**ACTIVITY**
Copy exactly the lines of the material below that fall between the line with "Man carrying a" and the line with "Botanica ivory beaded", both of those lines included; pictures stay out.

**THE RECORDS**
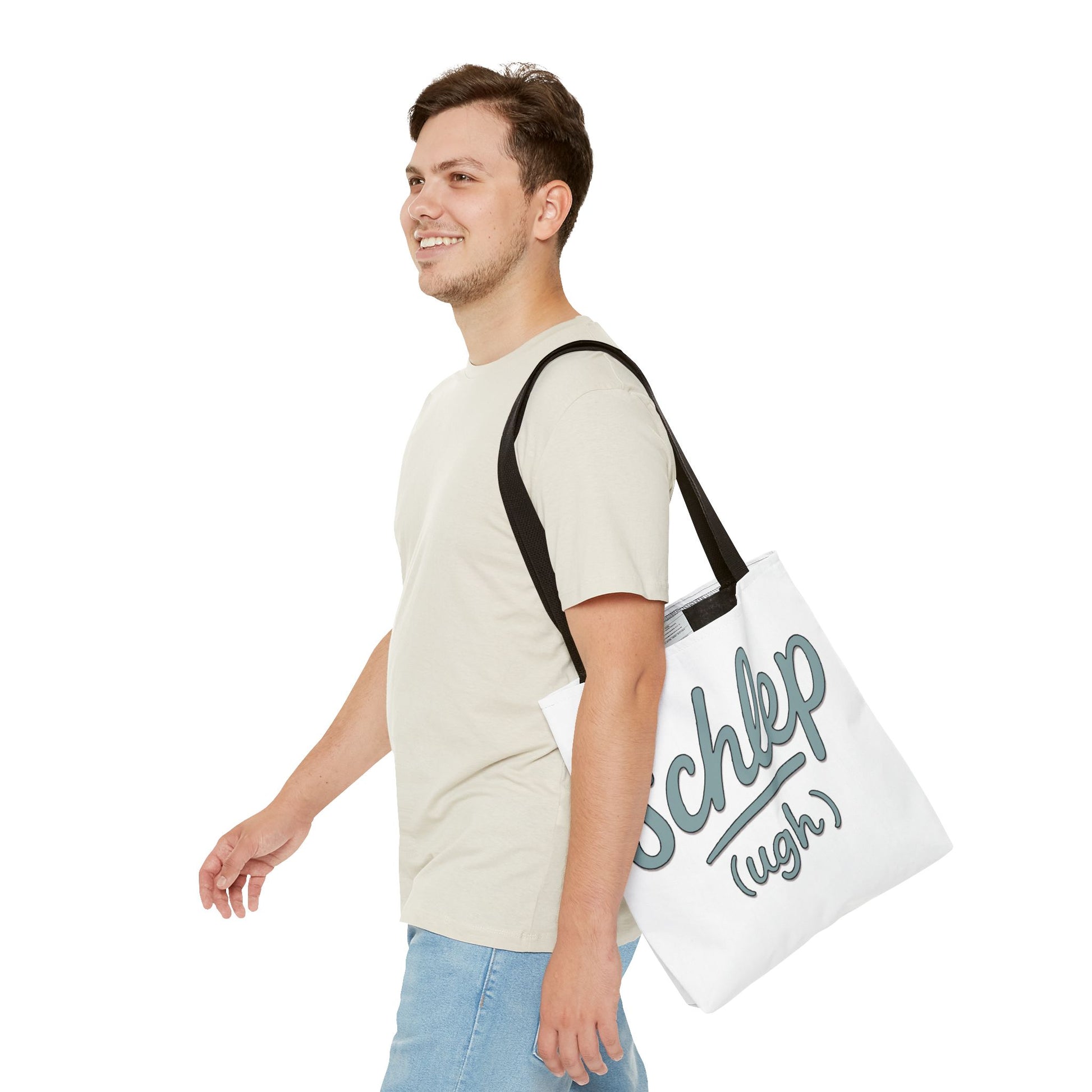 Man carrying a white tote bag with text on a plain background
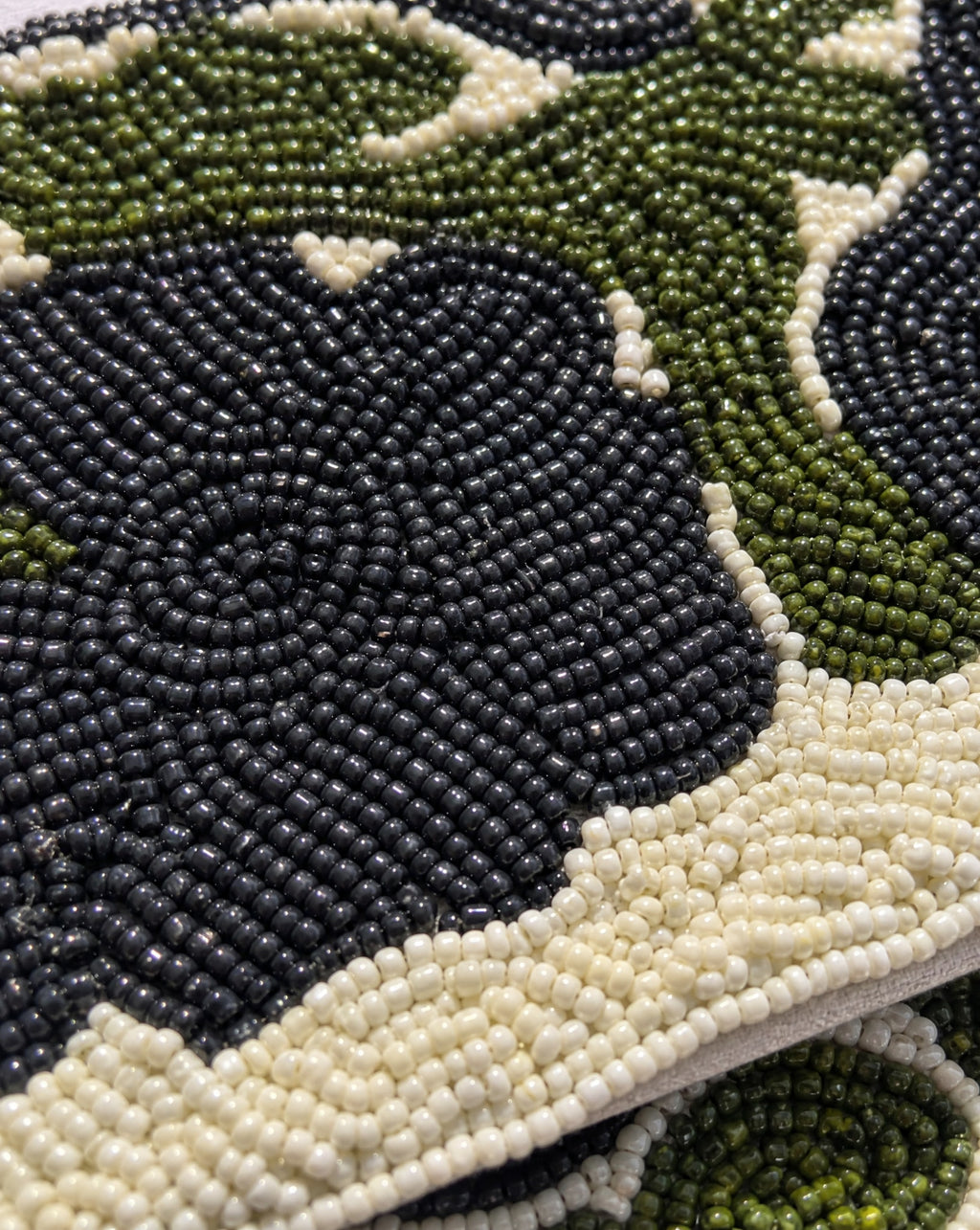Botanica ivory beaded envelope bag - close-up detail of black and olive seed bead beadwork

...

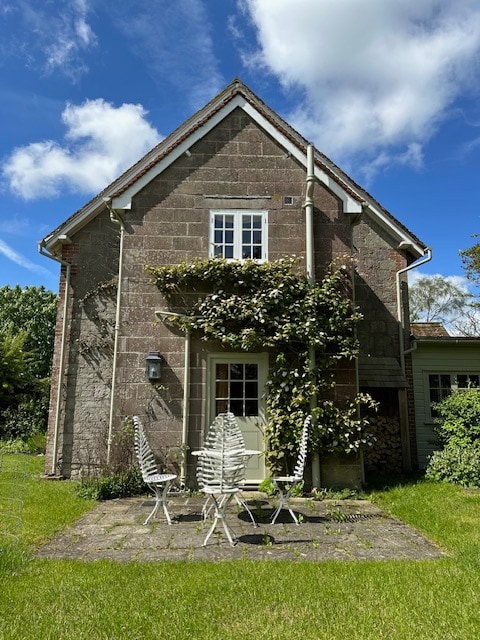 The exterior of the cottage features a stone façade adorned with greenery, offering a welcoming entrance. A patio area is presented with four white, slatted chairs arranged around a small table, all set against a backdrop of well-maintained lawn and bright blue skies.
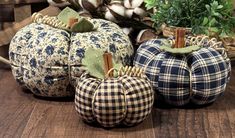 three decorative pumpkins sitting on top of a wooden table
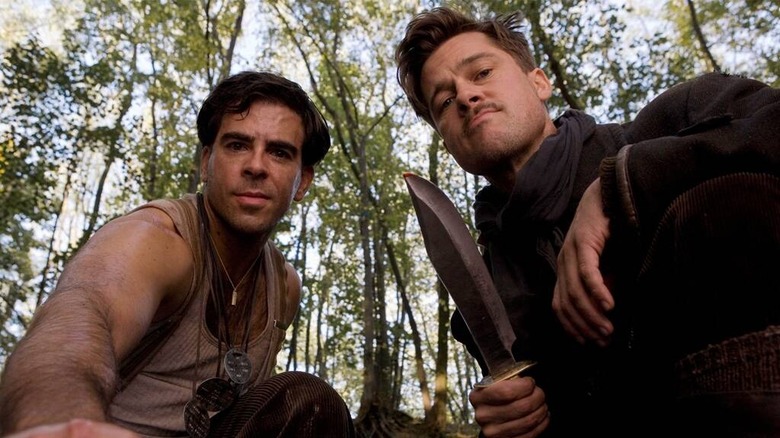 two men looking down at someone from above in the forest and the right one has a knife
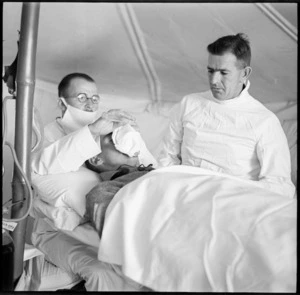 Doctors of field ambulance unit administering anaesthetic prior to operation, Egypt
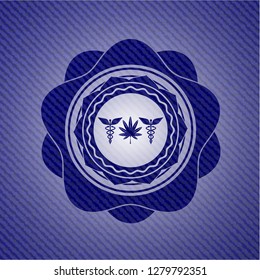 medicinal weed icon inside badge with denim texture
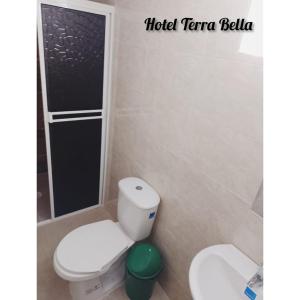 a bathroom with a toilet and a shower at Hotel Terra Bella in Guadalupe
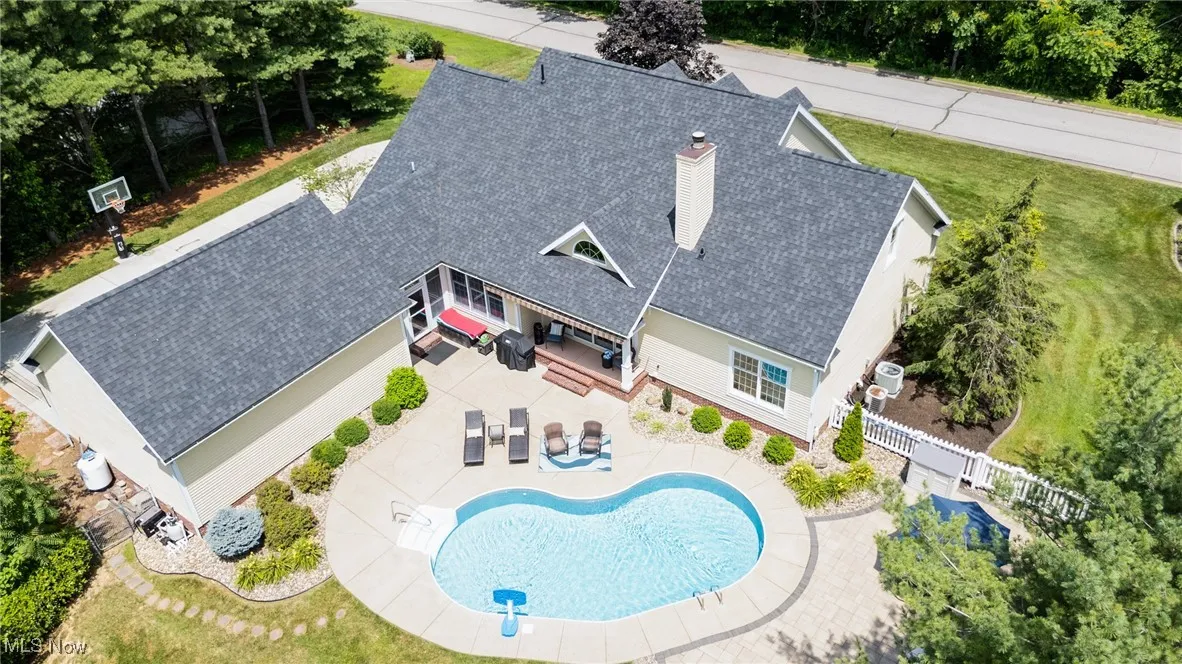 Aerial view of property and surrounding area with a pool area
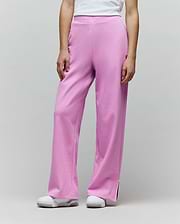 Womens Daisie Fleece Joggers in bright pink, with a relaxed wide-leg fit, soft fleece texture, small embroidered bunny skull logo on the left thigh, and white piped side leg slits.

**RESPONSE TO THIS TASK**
 Man carrying a white tote bag with text on a plain background
Botanica ivory beaded envelope bag - close-up detail of black and olive seed bead beadwork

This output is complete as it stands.